Je ne savais pas qu’il y ait eu des fraudes. Salinas était le candidat du PRI, un parti pour lequel les électeurs mexicains avaient toujours voté des décennies durant. Seul le cœur me faisait croire qu’on avait volé les élections à Cuauhtémoc.
Salinas fut extrêmement aimable avec moi ce jour-là, il conversa pas mal et il me montra sa gigantesque bibliothèque de deux étages bourrée de livres. Ils ne faisaient pas tapisserie.
Quelque chose de très important arriva.

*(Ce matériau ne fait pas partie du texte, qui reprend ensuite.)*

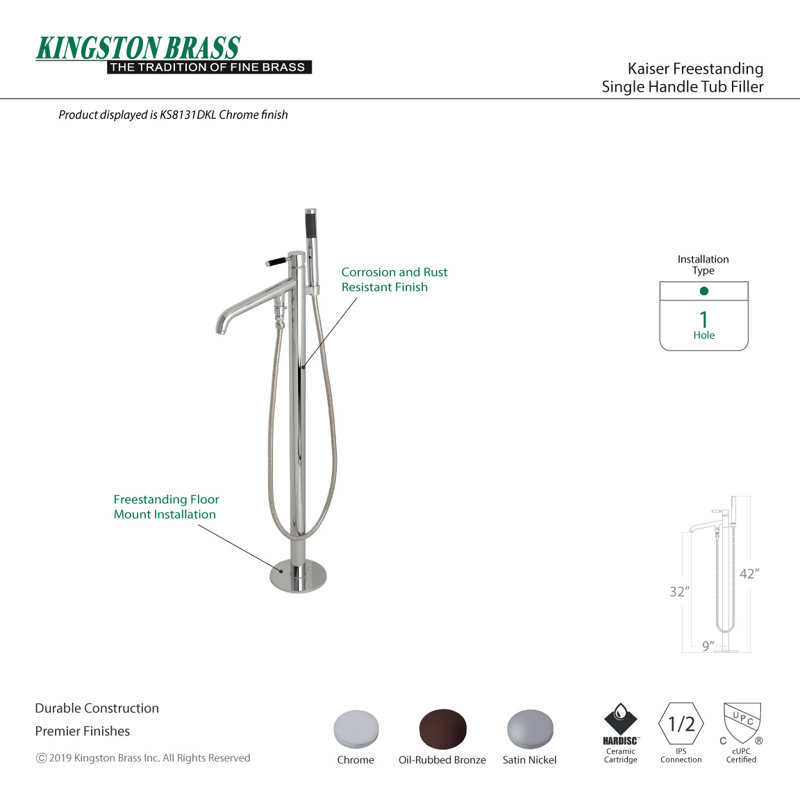 Kingston Brass Kaiser Single-Handle 1-Hole Freestanding Tub Faucet with Hand Shower, Polished Chrome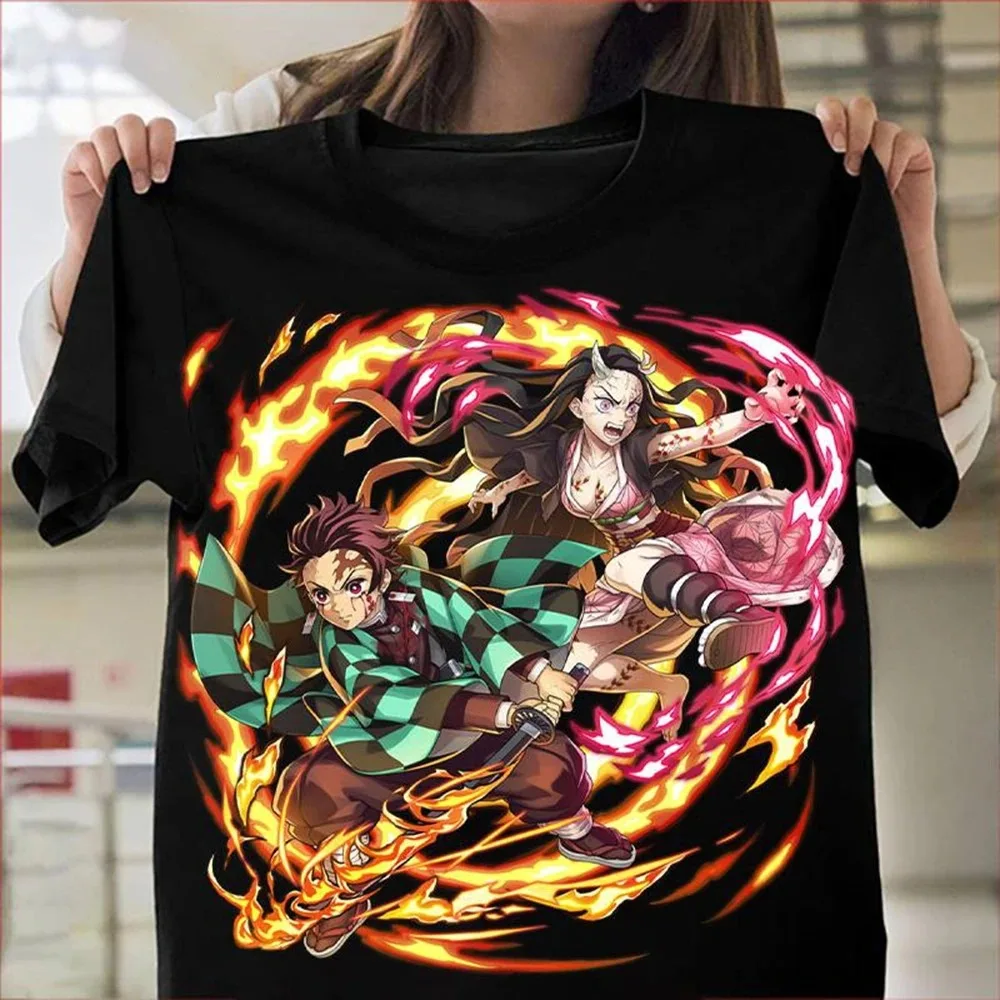 Demon Slayer Nezuko Printed T-shirt Men's and Women's T-shirt Children's and Parental Clothing Boy Girl T-shirt 2026 Y2K Tops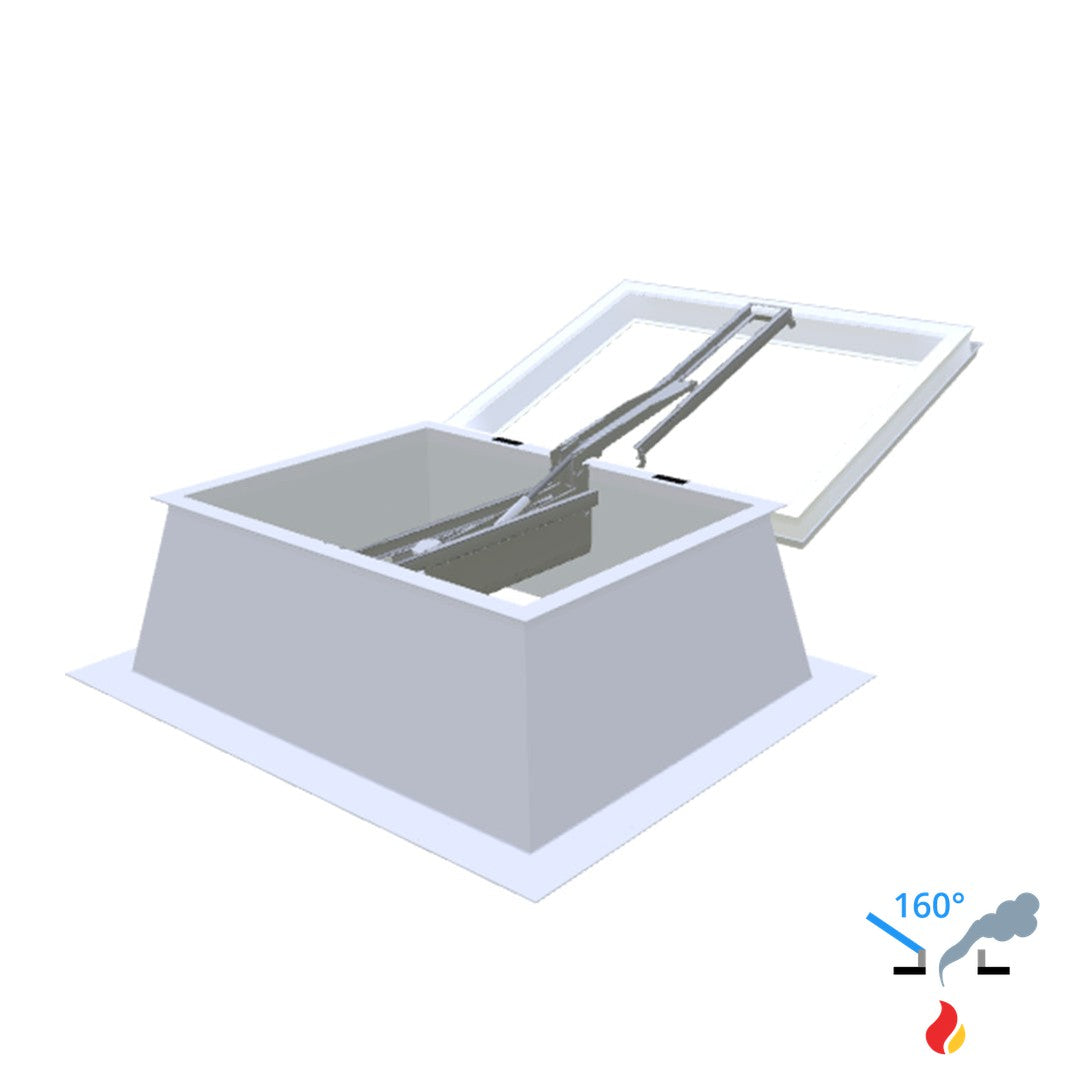 Skylux 160° CE met koepel en polyester opstand 50/20 met LM-motor en pvc-raam type EP25 1000 x 2000 mm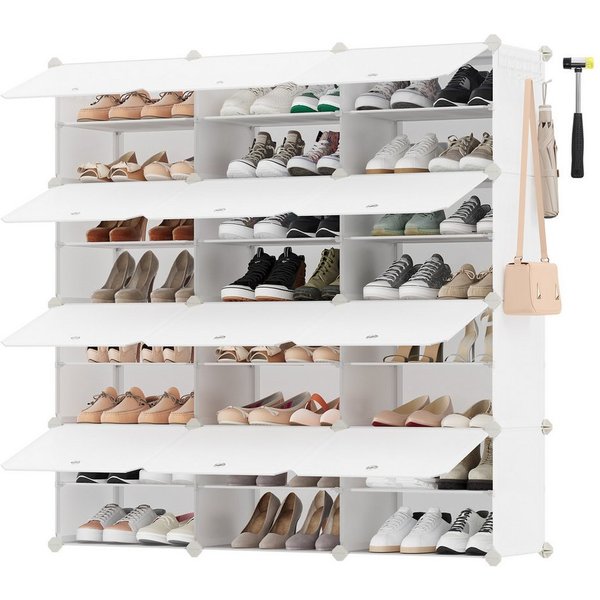 SONGMICS Schuhregal Schuhschrank, 30 x 40 x 30 cm pro Fach, für Flur, Eingangsbereich, mit 12 Fächern, mit Türen, für bis zu 48 Paar Schuhe, anpassbar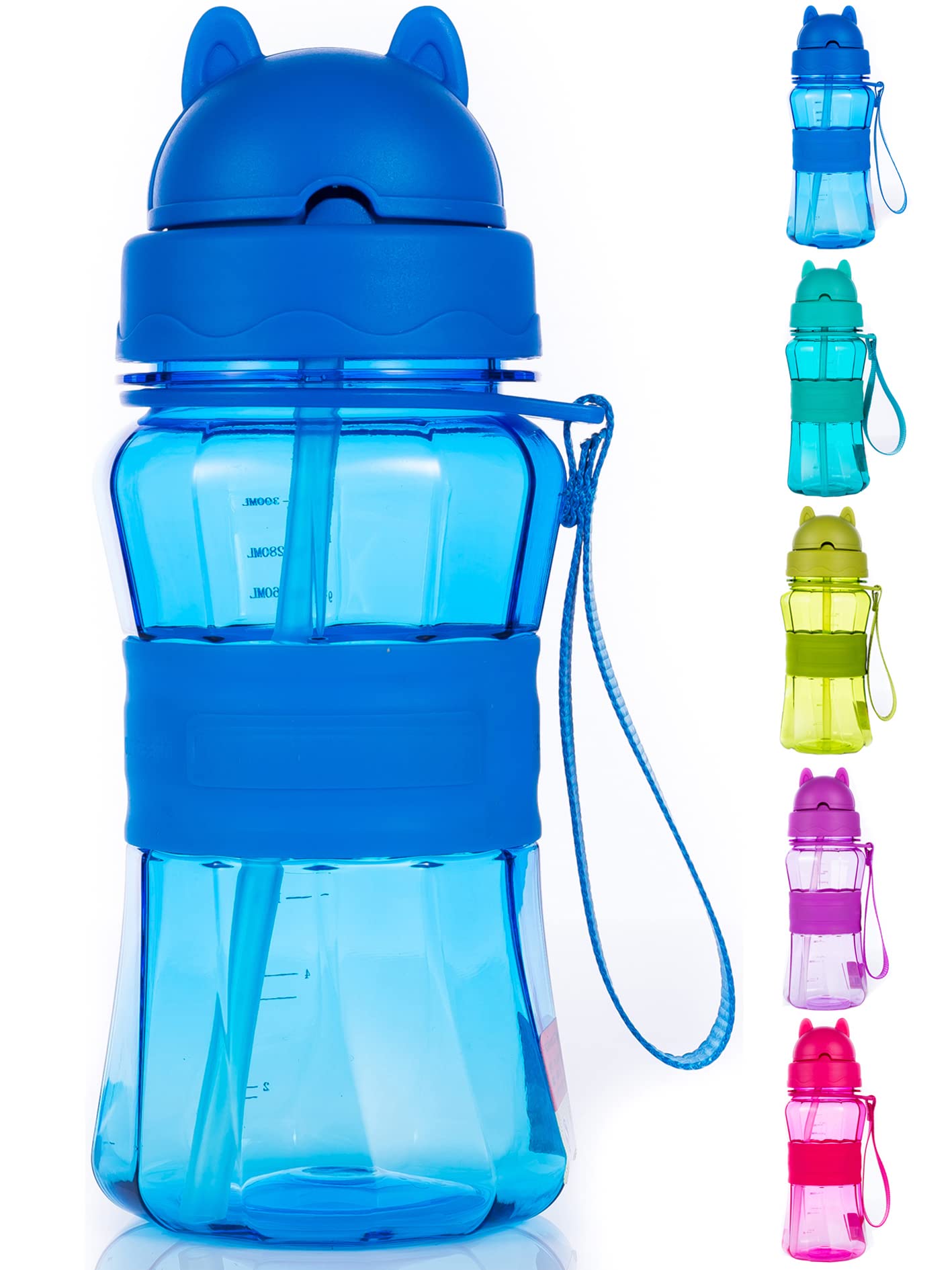 Ecteco Water Bottle for Kids Toddlers with Straw Strap 12OZ Children Sized Leak  Proof BPA Free Tritan Drinking Bottles for Boys Girls School Students Cute  Lightweight Sturdy Anti-skid Design blue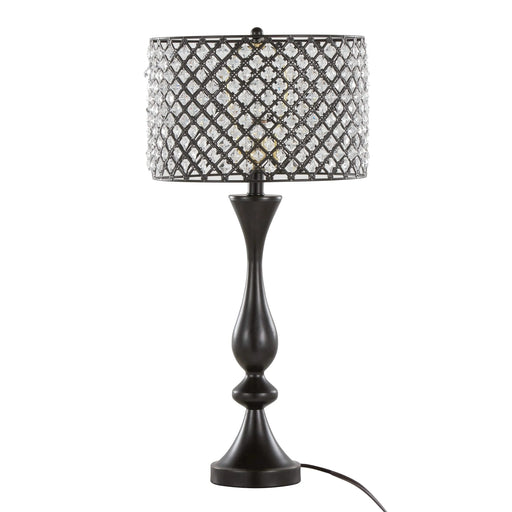 Topaz 27' Contemporary Metal Table Lamp in Oil Rubbed Bronze with Clear K9 Crystal and Metal Shade from Grandview Gallery by LumiSource Default -DTYStore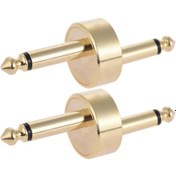 Resim Neevoyu Altıgen Tipi Altın Gitar Efekt Pedalı Bağlayıcıları 2 Adet - Düşük Gürültü, 6.35mm Erkek-erkek, Pedal Tahtası Alan Tasarımı Palmiye 
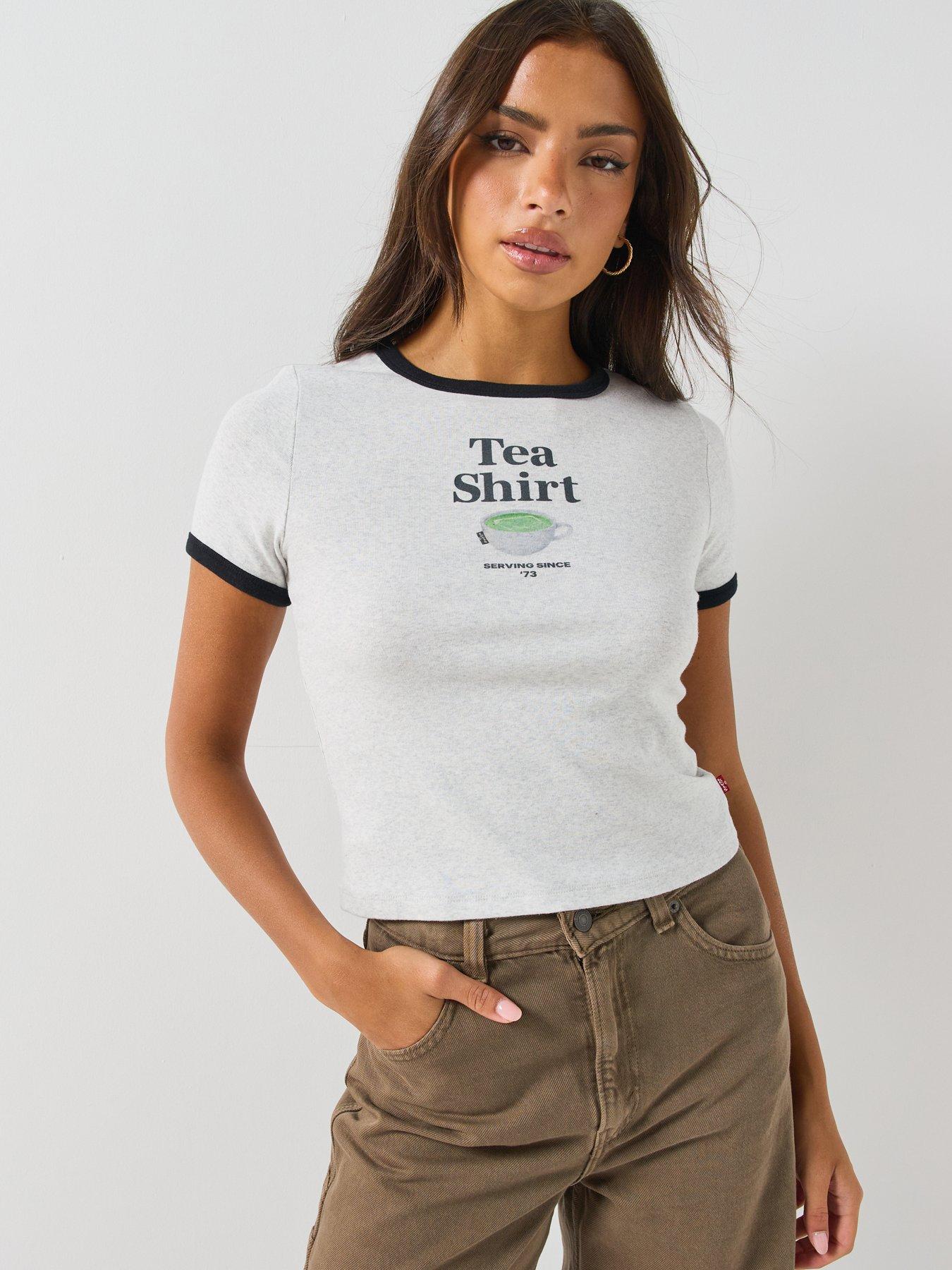 Image 1 of 6 of Levi's Womens Hayes Tea Slim Fit Cropped Graphic T-Shirt - Heather Gray/Anthracite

Nous étions en août 1994, un moment de crise migratoire sérieuse entre Cuba et les USA. William Clinton, le président étasunien d’alors, qui ne voulait pas de Carter, lequel s’était proposé comme médiateur, et que je préférais, moi, nomma Salinas et je fus forcé de l’accepter.
Il se porta bien, et agit vraiment en médiateur, non comme un allié des USA. Et c’est ainsi qu’un accord fut signé entre nos deux pays, alors que celui que nous avons obtenu lors de la première crise, sous Reagan, n’avait été qu’un faux-semblant.
Quand Zedillo, quelqu’un de vraiment médiocre, son successeur à la présidence, méfiant peut-être de son influence politique, lui interdit de vivre au Mexique, Salinas, qui traversait alors une situation personnelle difficile, demanda à vivre à Cuba. Nous l’autorisâmes sans hésitation, et c’est ici que naquit la première fille de son second mariage.
Il voulut investir dans notre pays, mais nous ne lui permîmes pas. Il acheta la villa d’un particulier dans la capitale.
William Clinton, lui, ne se porta pas bien. Il respecta les accords migratoires, mais il maintint le blocus économique, la Loi d’ajustement cubain et, dès qu’il put, il durcit les pressions économiques contre Cuba par la Loi Helms-Burton, toujours en vigueur.
Quand Salinas a raconté dans un livre le rôle qu’il a joué dans les négociations migratoires, il a dit la vérité, coïncidant en cela avec le journal de gauche New Yorker, qui a narré les activités de Richardson, alors secrétaire à l’Énergie, durant sa visite à Cuba : celui-ci a proposé à Clinton d’interdire les vols provocateurs d’avions utilisés durant la guerre du Vietnam au-dessus de l’espace aérien de La Havane, parce que nous lui avions dit que nous ne tolérerions plus ces violations.
Avant de regagner les USA, il m’a dit que cela n’arriverait plus, et j’ai cessé de m’occuper de ce problème. Les choses ne se sont pas passées, hélas, comme il le prévoyait, et l’incident a bel et bien eu lieu.
Salinas a continué de visiter Cuba avec une certaine fréquence, nous avions des échanges, et il n’a jamais tenté de me berner. Je suis ensuite tombé gravement malade le 26 juillet 2006 et je n’ai plus rien su de lui.
Je n’ai pas changé. Je serai fidèle aux principes et à la morale que j’ai pratiqués depuis que je me suis fait révolutionnaire.
Je m’honore aujourd’hui de partager les vues de Manuel López Obrador, et je n’ai pas le moindre doute que, bien plus tôt qu’il ne l’imagine, tout changera au Mexique.
« …les arbres doivent se mettre en rang pour que le géant aux bottes de sept lieues ne passe pas ! C’est l’heure du dénombrement et de la marche unie, et nous devons aller en carré serré, comme l’argent à la racine des Andes ! » Voilà ce qu’écrivait José Martí, il y a de cela presque cent vingt ans, le 1er janvier 1891.